The IRS 990 forms are annual reports that provide the IRS and the public with information on a tax-exempt organization's programs and finances.
Daniel Licciardi, chair of the society, which is the nonprofit support organization for newly renamed Zoo Miami, said a salary for Mr. Stierheim has not been determined and he would know more within a few weeks.
Mr. Stierheim and current President and CEO Nestor Rodriguez, who is to leave July 19 to head development at Belen Jesuit Preparatory School, are working together during the transition to make sure that "everything is covered adequately," Mr. Licciardi said. He said Mr. Stierheim, who was a longtime society volunteer, may work part-time or full-time as the board searches for a permanent leader within in a few months.
Mr. Stierheim, also known as "Mr. Fix It," has served as Miami-Dade county manager, Miami-Dade school superintendent and head of the county tourism bureau, among other leadership posts. He has been called on in the past to assist organizations with transitions.
Mr. Licciardi would not say if Mr. Stierheim, who held his first staff meeting June 28, is receiving a salary while they work out the details of his temporary position.
"I'm sure whatever we do will be retroactive," he said.
The salary of the president and CEO post has varied over the years.
According to the IRS forms, Mr. Rodriguez, who has headed the society since September 2008, receives a salary of $188,777. Former President Manuel Gonzalez received an annualized salary of $151,667 during his four months as head and Glenn Ekey, who served as president and CEO for five years and as executive director for ten, ultimately received $199,102.
A major component in the society's finances is direct public support, which has declined in recent years. This includes gifts, contributions and membership dues. In the fiscal year from Oct. 1, 2008, to Sept. 30, 2009, the society received $3,381,972 in direct public support compared to $4,016,823 from October 2007 to September 2008.

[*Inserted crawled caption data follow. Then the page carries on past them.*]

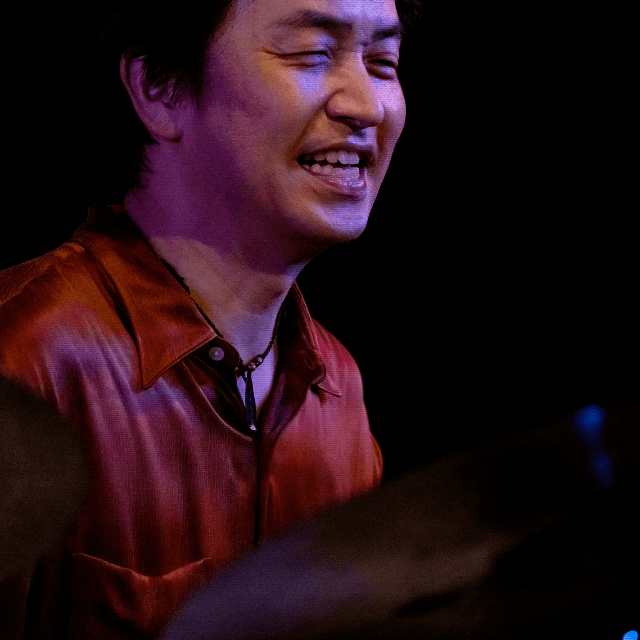 奈良出身のドラマー・作曲家、平井景さん（小澤忠恭撮影）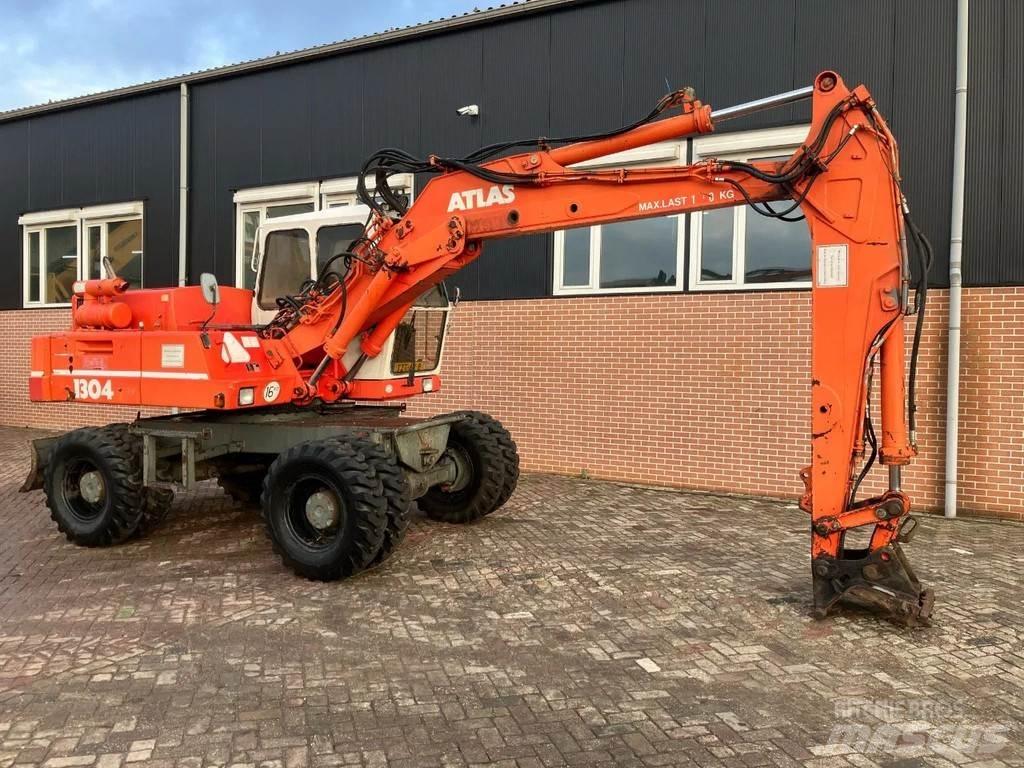 Atlas 1304 Wheeled excavators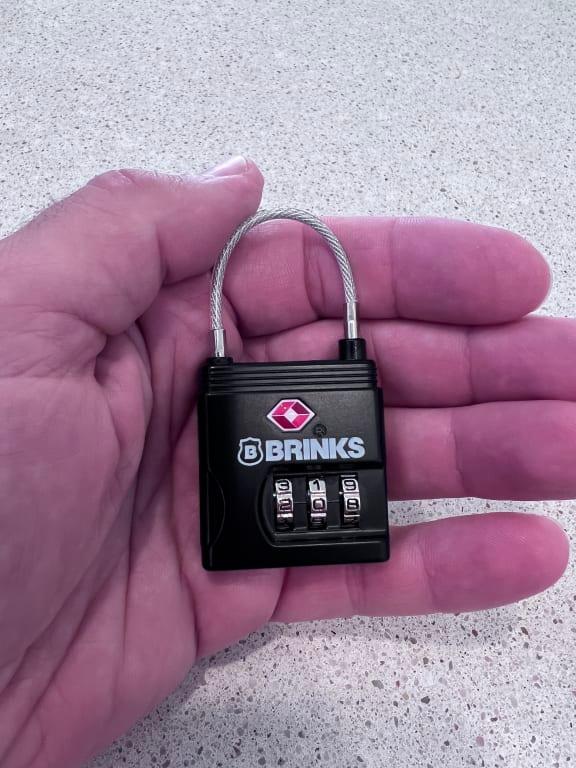 Brinks Travel Luggage Combination Padlock, 1-3/8-in Wide x 1-1/8-in  Shackle, TSA Accepted in the Padlocks department at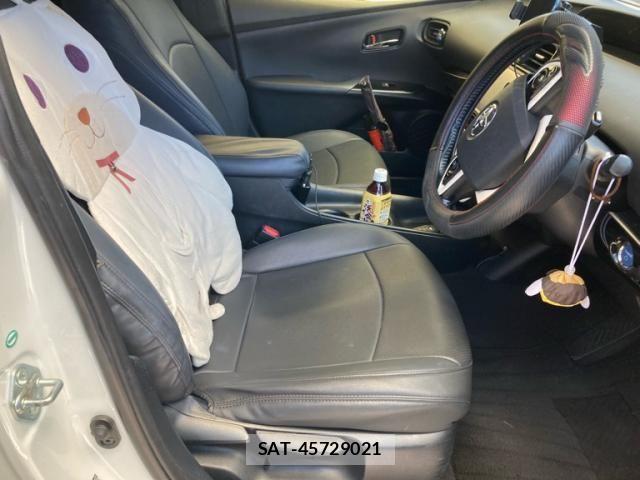 Toyota PRIUS 2017-02 8337463-12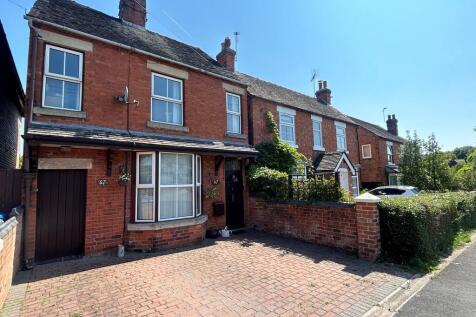 Leighton Road, Uttoxeter 3 bed detached house for sale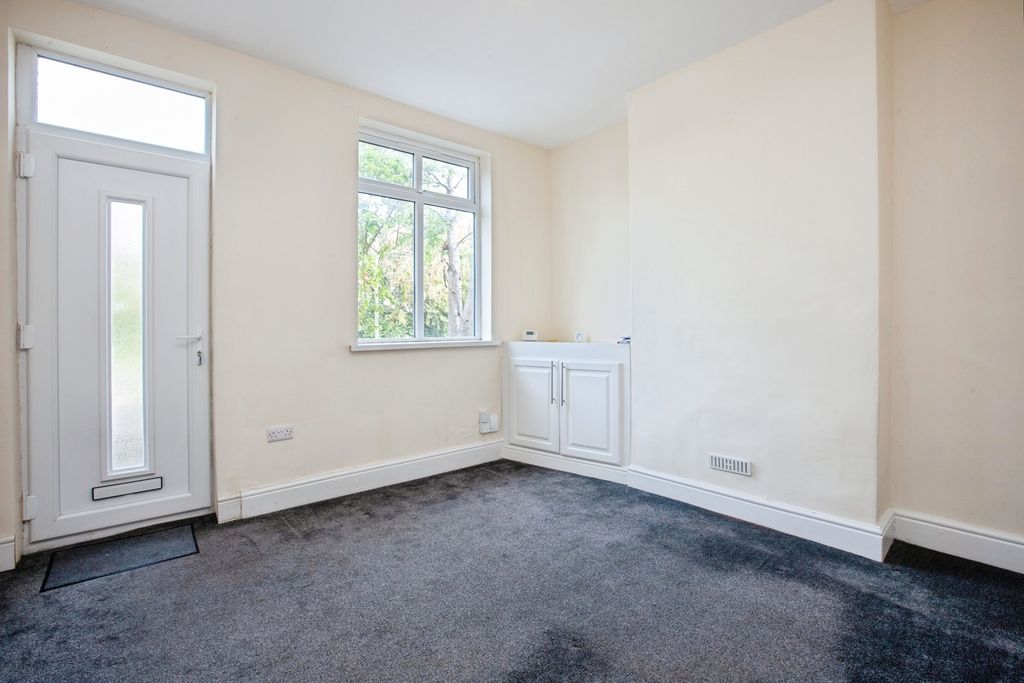 Property photo 2 of 17 Pbox-Img.Jpg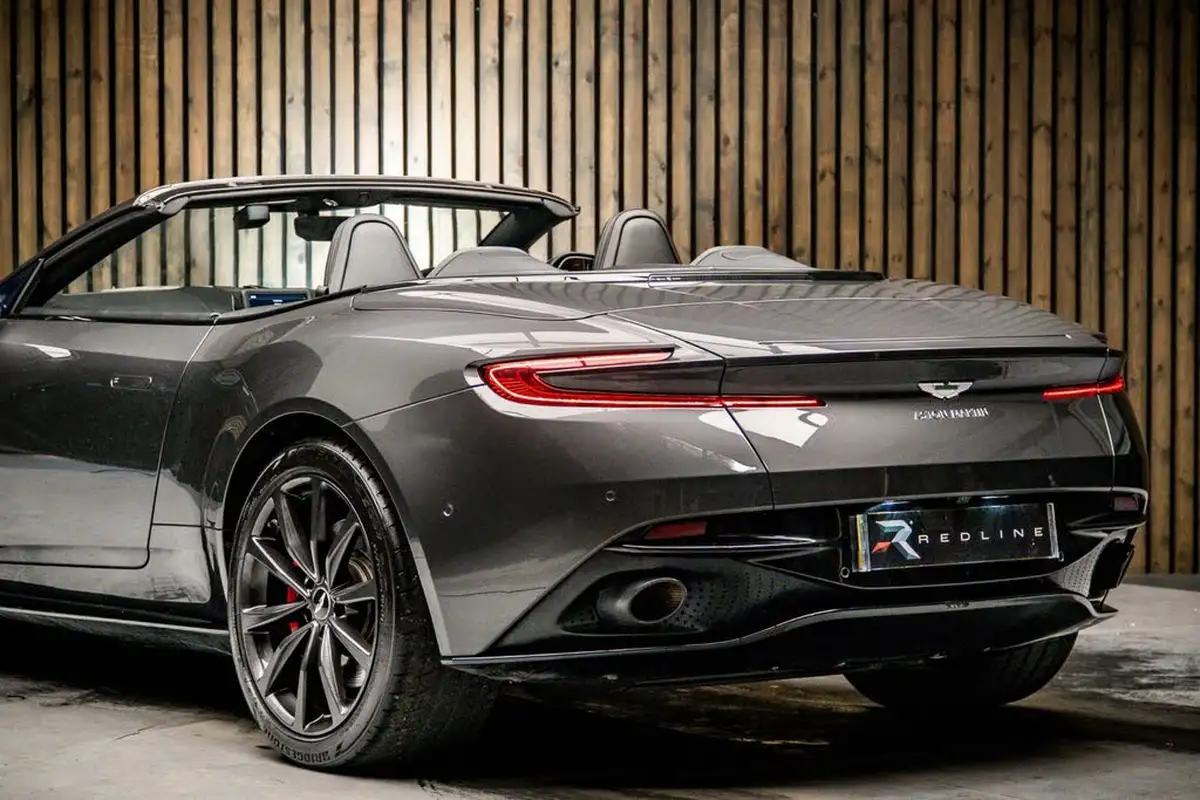2020-aston-martin-db11-40-v8-503bhp-big-19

The society's total revenue has also decreased because of completion of the Amazon & Beyond exhibit in December 2009, said Annie Juarez, society controller. For fiscal 2008, the society's total revenue was $3,261,635, significantly less than 2007's $29,820,503 when construction of Amazon & Beyond was still underway. The society's average revenue is about $3 million, she said.
Under the society's 2008 Supplemental Information to Form 990, it is noted that financial statements and governing documents are available to the public and can be requested by any interested party.
When Mr. Stierheim was first named, Mr. Licciardi told Miami Today that the society does not disclose salaries.
IRS 990 forms and other financial information for non-profit organizations can also be found on websites such as charitynavigator.org and guidestar.org.